What to produce => Search the listing below for the line with "Bagremov med", then write out that line and every one after it exactly, without the pictures.

Supplied material =>
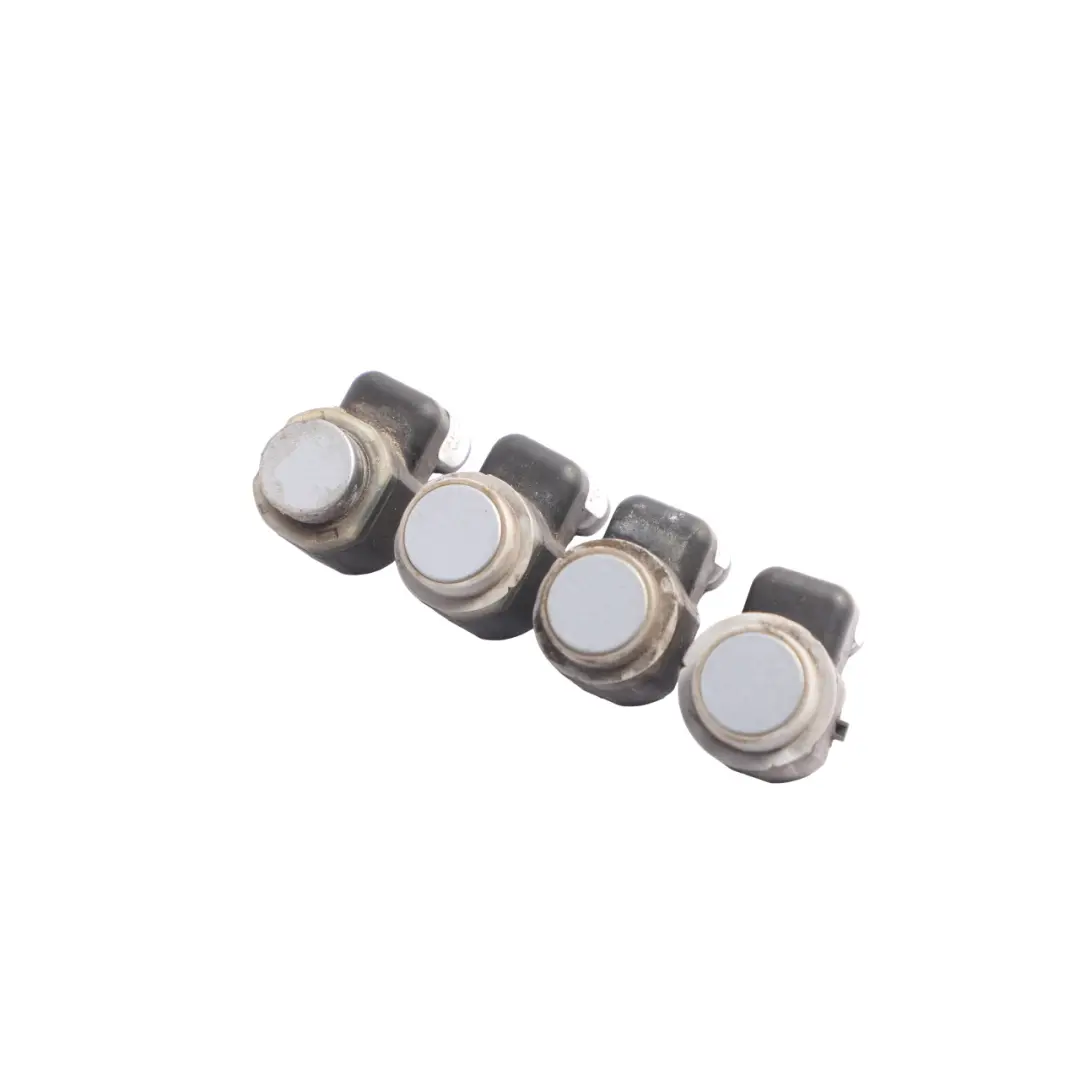 Audi A4 B8 Rear Bumper PDC Parking Sensor SET X4 Monza Silver - X7V - SKU 420919275-MSIL - Part number 420919275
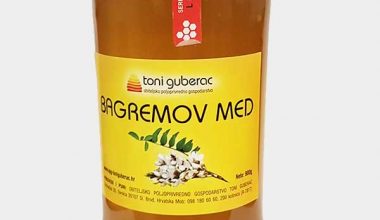 Bagremov med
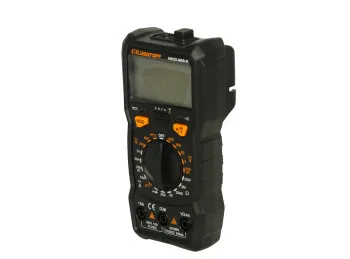 MULTIMETRO DIGITAL MDGL600-9 LUSQTOFF TENS.MAX. DCV 600V ACV 600V DCA 10A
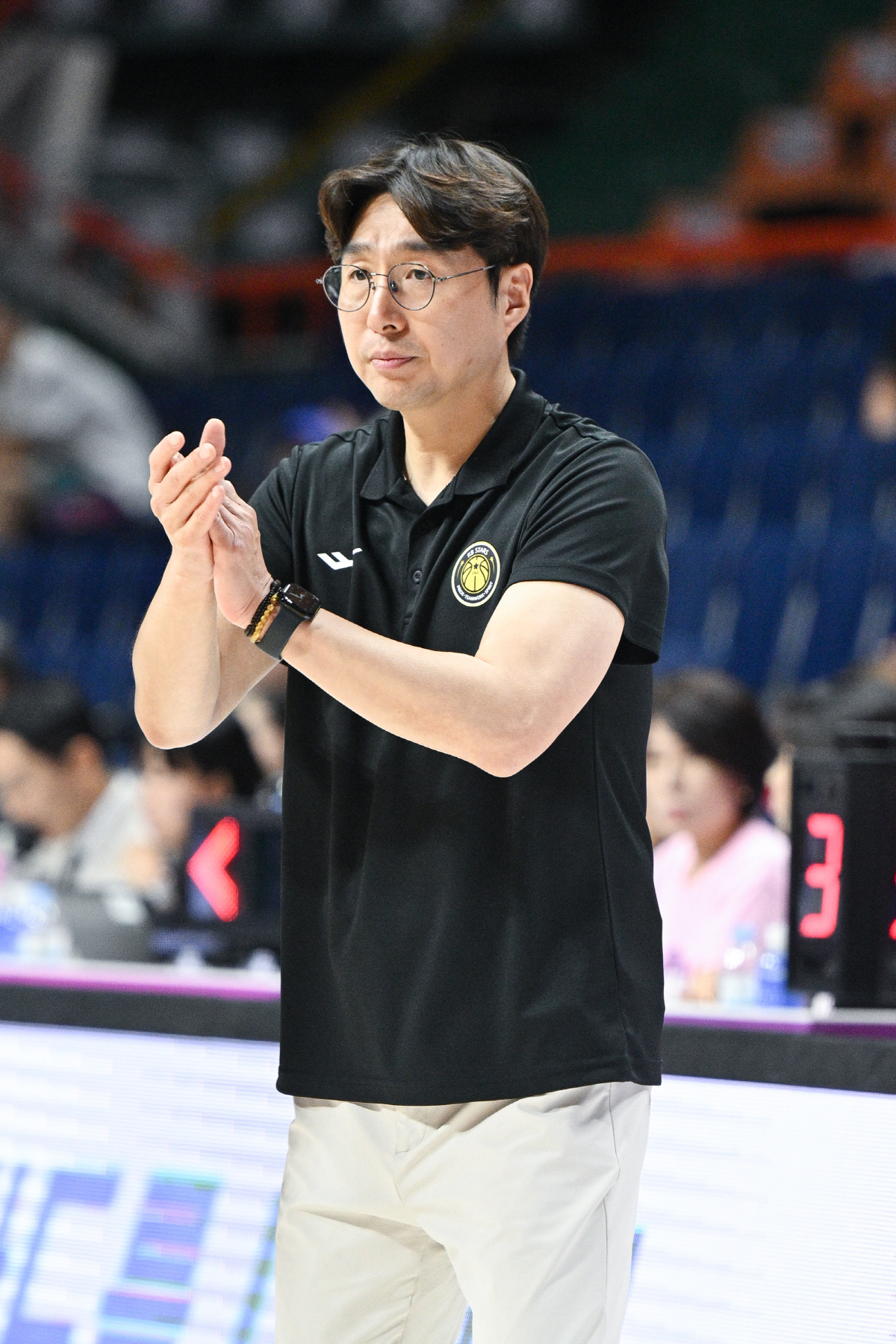 [박신자컵 현장인터뷰]'석패' 김완수 KB 감독 "韓 대표, 발전한 것 …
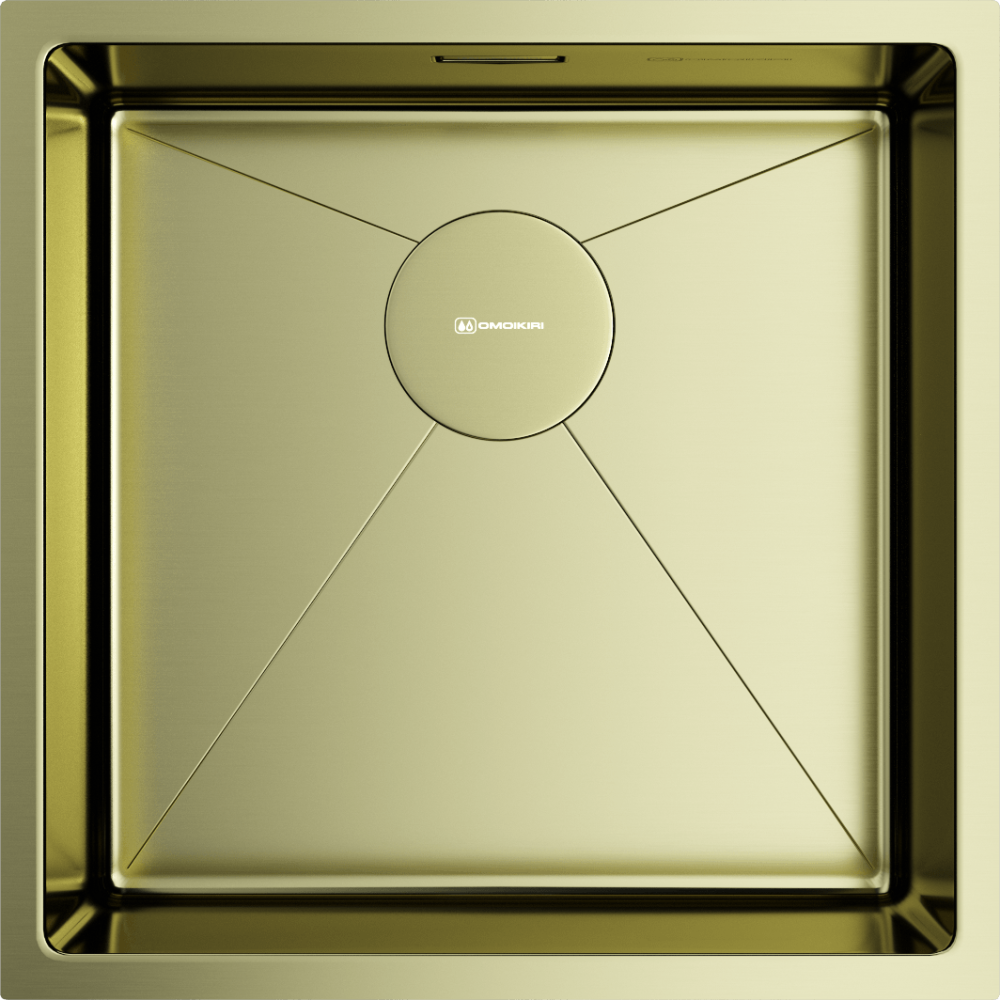 Мойка Omoikiri Taki 44-U/IF-LG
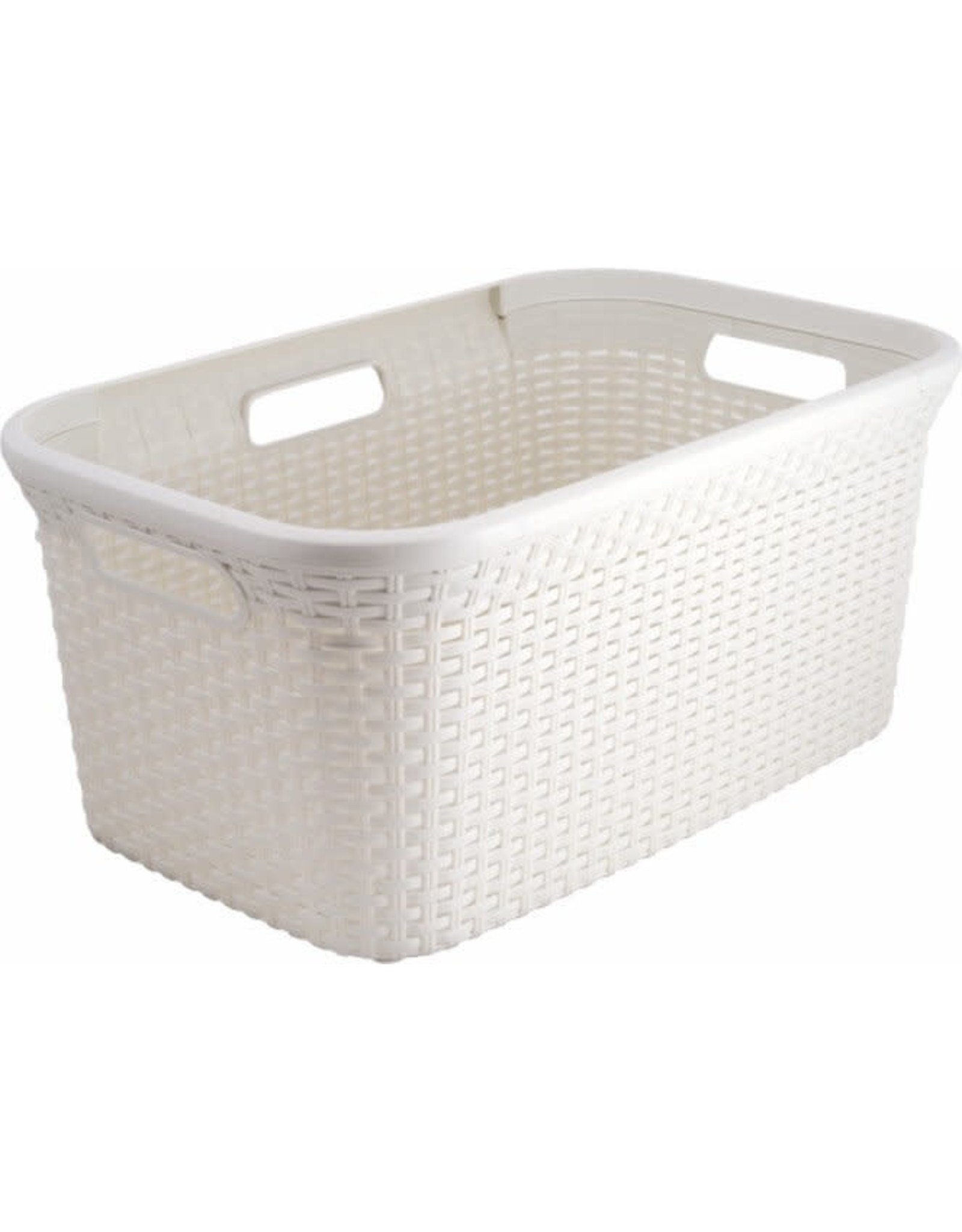 Curver Curver Style Wasmand Vintage Wit , 45L - Marja's Shop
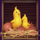 purple fox yellow chick symbol icon
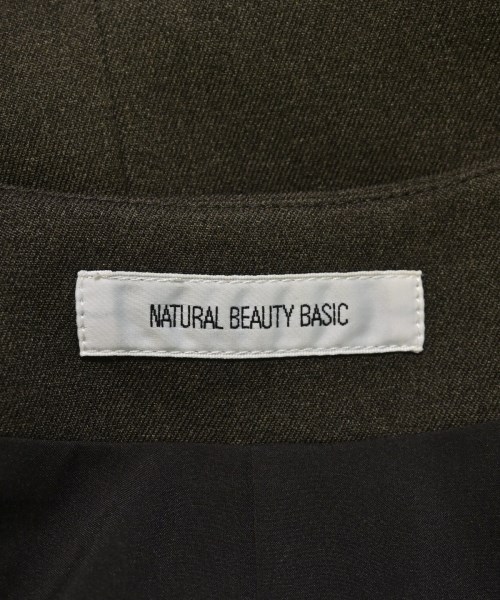 NATURAL BEAUTY BASIC（ナチュラルビューティーベーシック）カジュアルジャケット 茶 サイズ:S レディース/2200607178029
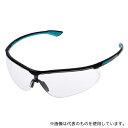 ミドリ安全 X-9193-376 EN規格品 保護めがね X-9193 uvex sportstyle ブラック/ブルー (曇り止め/ハードコート加工)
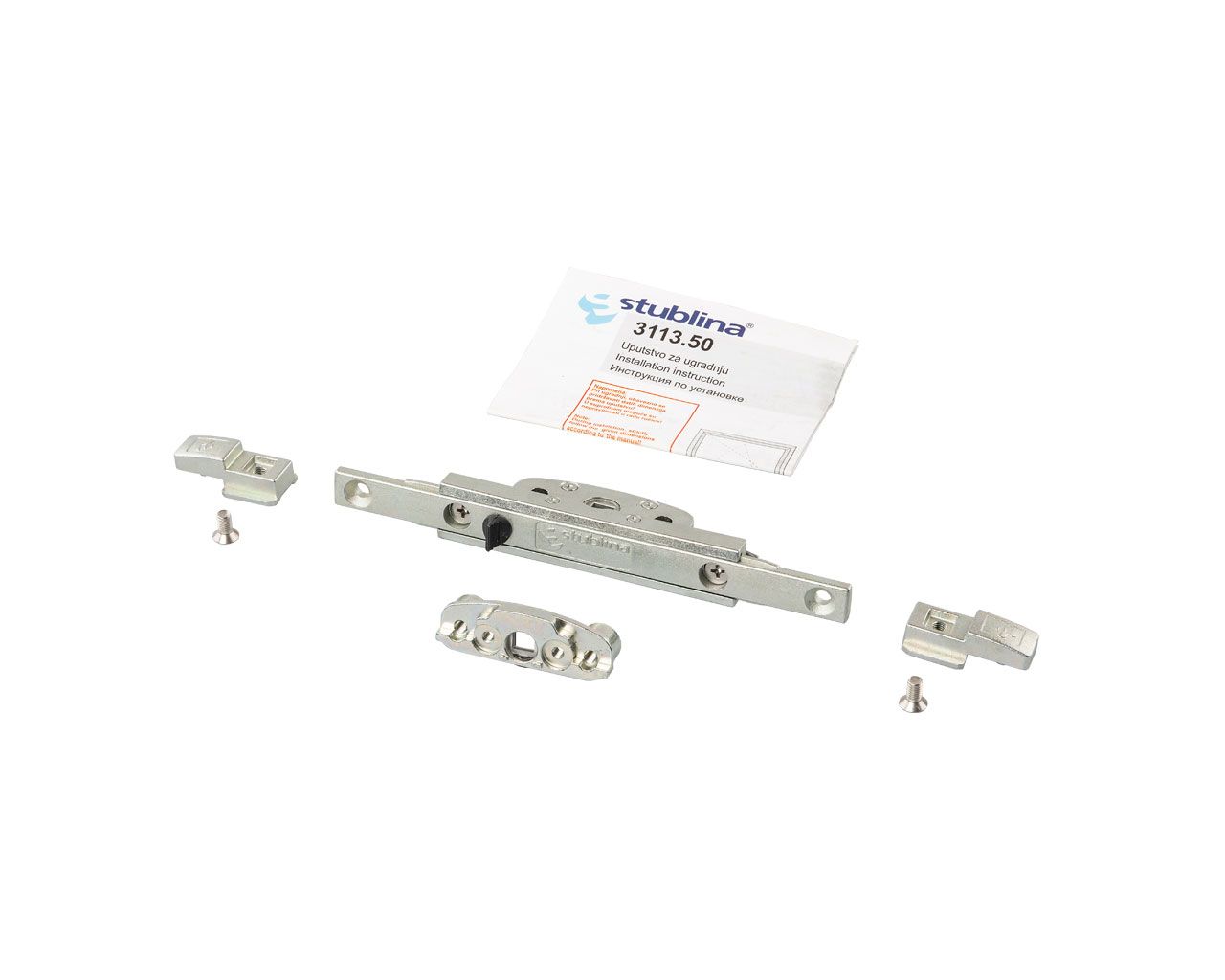 Комплект приемный под ручку с квадратным штифтом, Европаз, Provedal, без блокиратора. Рис. 1 Комплект приемный под ручку с квадратным штифтом, Европаз, Provedal, без блокиратора. Рис. 1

Result for this exercise =>
 Bagremov med
 MULTIMETRO DIGITAL MDGL600-9 LUSQTOFF TENS.MAX. DCV 600V ACV 600V DCA 10A
 [박신자컵 현장인터뷰]'석패' 김완수 KB 감독 "韓 대표, 발전한 것 …
 Мойка Omoikiri Taki 44-U/IF-LG
 Curver Curver Style Wasmand Vintage Wit , 45L - Marja's Shop
 purple fox yellow chick symbol icon
 NATURAL BEAUTY BASIC（ナチュラルビューティーベーシック）カジュアルジャケット 茶 サイズ:S レディース/2200607178029
 ミドリ安全 X-9193-376 EN規格品 保護めがね X-9193 uvex sportstyle ブラック/ブルー (曇り止め/ハードコート加工)
 Комплект приемный под ручку с квадратным штифтом, Европаз, Provedal, без блокиратора. Рис. 1 Комплект приемный под ручку с квадратным штифтом, Европаз, Provedal, без блокиратора. Рис. 1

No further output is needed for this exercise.